The task of font classification/recognition/visual font recognition (VFR), is to automatically identify the font family of an image of text. Since manual font identification can be tedious and requires expertise, especially when working with fonts of foreign languages, automatically identifing these fonts can be of a great benefit to designers and creative workers. In addition to standalone usage of VFR systems to simply identify fonts, they can be utilized as subsystems within other more complex ones, for example:

  • Style/similarity-based font search [3], to power font engines such as Google Fonts.

  • Improving other tasks, such as optical character recognition (OCR). Identifying the used font in a document then using an OCR model specialized to work with that particular font will improve the accuracy and time complexity of the system, rather than using one model to deal with all the different fonts [1, 7].

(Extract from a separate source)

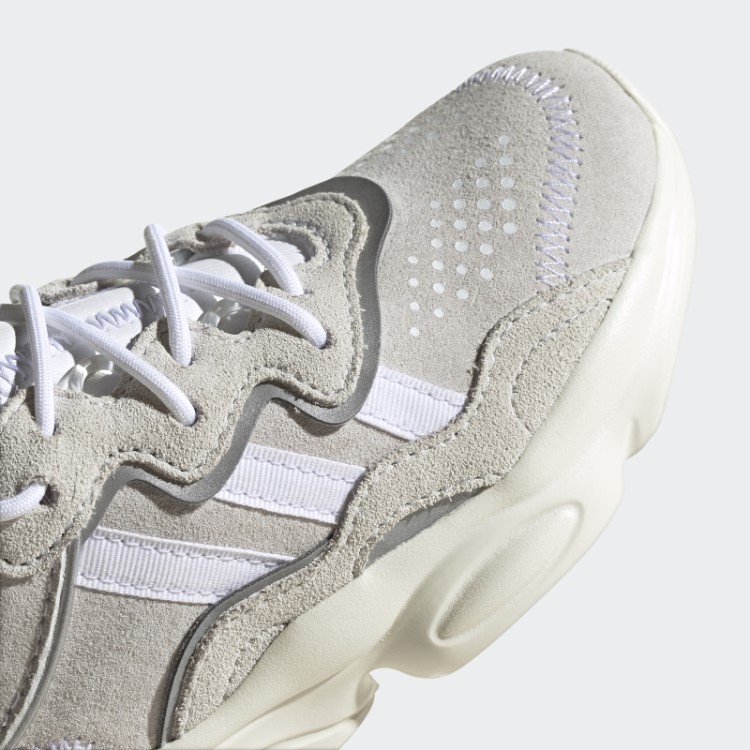 Elegantes Sapatos Brancos Adidas Ozweego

  • It can be used as a complementary part of a product. Companies like Google, Snapchat, and Adobe have been interested in this technology in order to increase the productivity of their products’ users [3]. For example, DeepFont was developed as part of Adobe Photoshop to detect and suggest similar fonts from images. MyFonts.com also introduced a tool called WhatTheFont as an on-the-fly font recognition tool.

  • It can be used by font creators to detect and find copyright infringements [7].

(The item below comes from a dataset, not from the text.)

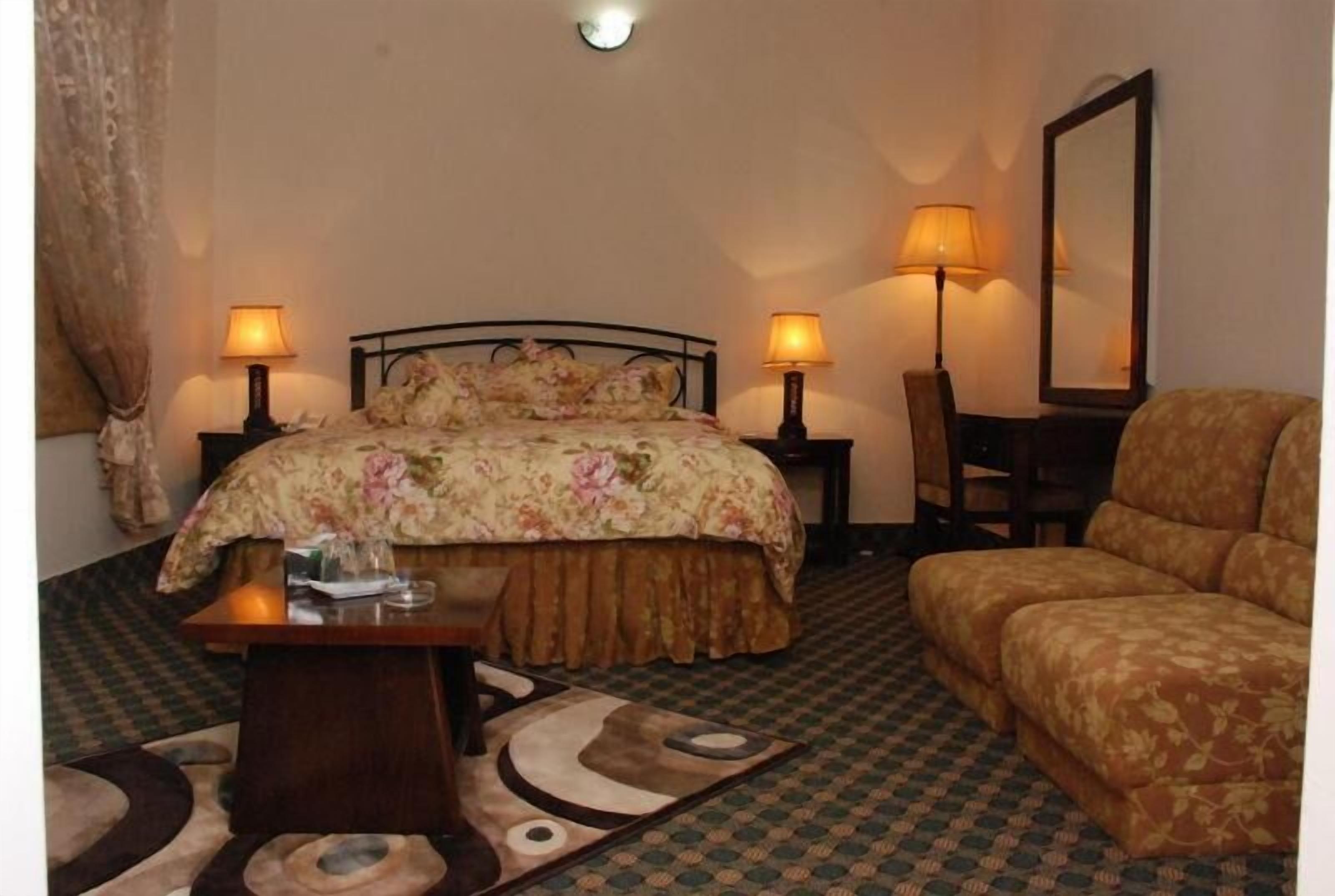 Photo - Savoy Inn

This project aims to tackle a simplified version of the font recognition problem. The task is to classify images of text written using Arabic letters into two classes of Arabic fonts: Ruqaa and Nastaliq (Farsi). An Arabic font here refers to a form of writing that uses Arabic letters regardless of the language it’s been written in. As shown in 4, a dataset was synthesized to solve the data scarcity problem. Additionally, a synthesization process is presented to overcome domain mismatch, a common challenge introduced by synthesized data, in which the training data distribution differs from the testing one, leading to a serious drop in performance. Finally in 5, a model is trained on the mentioned dataset and its performance is analyzed as more synthesization steps were introduced. Results demonstrate the effectiveness of the synthesization process, which alleviates the domain mismatch problem by a factor of 29% allowing the model to reach 97% accuracy.

Different approaches have been applied to address the VFR problem. Some are based on novel feature extraction techniques [2], other are deep learning based solutions. Very few work has been done on Arabic VFR, mostly attributed to the lack of data. The only reasonbly sized dataset is the King Fahd Univeristy Arabic Font Database (KAFD) [4], which is available online, however, at the time of writing the download page renders error messages when requesting to download the dataset, which hindered using it in this project.

Tensmeyer et al.[1] train a convolutional neural network (CNN) on KAFD by densely croping each image into patches and then averaging the individual predicitons made on these patches to determine the final decision, which appears to improve performance.

DeepFont [3] focuses on both data and model. They show how to synthesis data to resemble real world text images. They generate a relatively large sized dataset, which is exploited along with unlabeled real data in an unsupervised way to learn feature maps using Stacked Convolutional Autoencoders (SCAE). These feature maps are then used as an initial state for parts of a CNN trained in a supervised fashion using synthetic data only. This method addresses the domain mismatch problem between training- and prediction-time data.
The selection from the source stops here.